Au nom du Père, et du Fils, et du Saint-Esprit. Ainsi soit-il.
Chers pèlerins,
qui avez parcouru invisiblement non seulement les 100 kilomètres qui séparent Paris de Chartres, mais aussi les 1472 kilomètres qui séparent Chartres de Rome, si du moins j’en crois les indications données par les instruments de calcul contemporains, soyez les bienvenus dans cette Basilique construite sur les lieux mêmes où Pierre, le prince des Apôtres, a rendu le témoignage suprême, le témoignage du sang, au terme de son propre pèlerinage, qui l’avait conduit d’une humble bourgade de Galilée jusqu’en la capitale de l’Empire romain.
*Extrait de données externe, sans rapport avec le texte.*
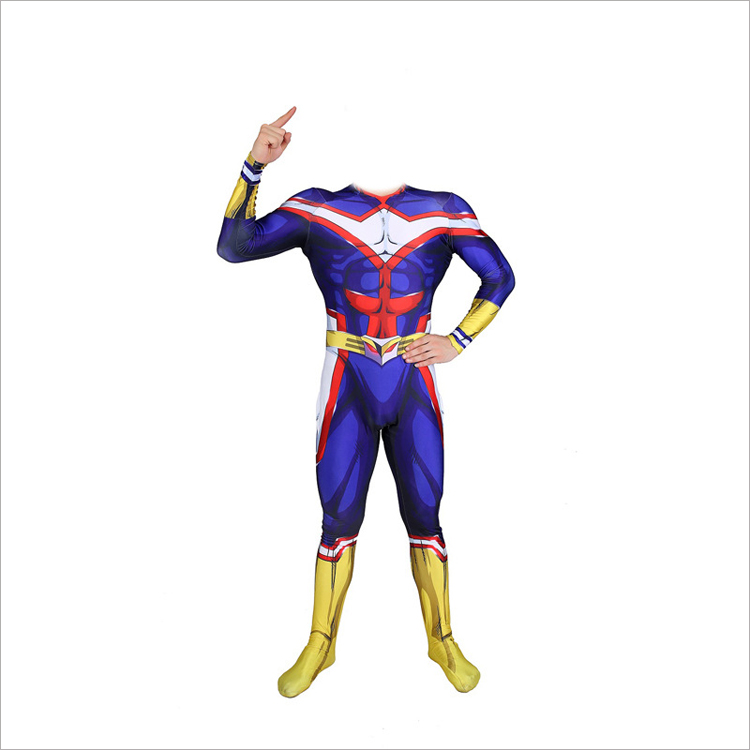 全身タイツ 僕のヒーローアカデミア All Might オールマイト コスプレ コスチューム Printed Spandex Lycra cosplay コスチューム 変装 仮装 高品質 オーダーメイド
Cette année, l’épreuve principale a consisté non pas dans la marche sous le soleil ou sur les aspérités de la route et des chemins, mais dans le sacrifice qu’il a fallu faire de trois journées exaltantes, au cours desquelles on voit se rapprocher progressivement les flèches de Notre-Dame de Chartres, cette cathédrale qui, selon la belle formule de Charles Péguy, est « maîtresse de sagesse et de silence et d’ombre » (Prière de report). On ne choisit pas ses épreuves. C’est le Seigneur qui nous les envoie, en les proportionnant toujours à ce que nous sommes capables de porter avec Lui.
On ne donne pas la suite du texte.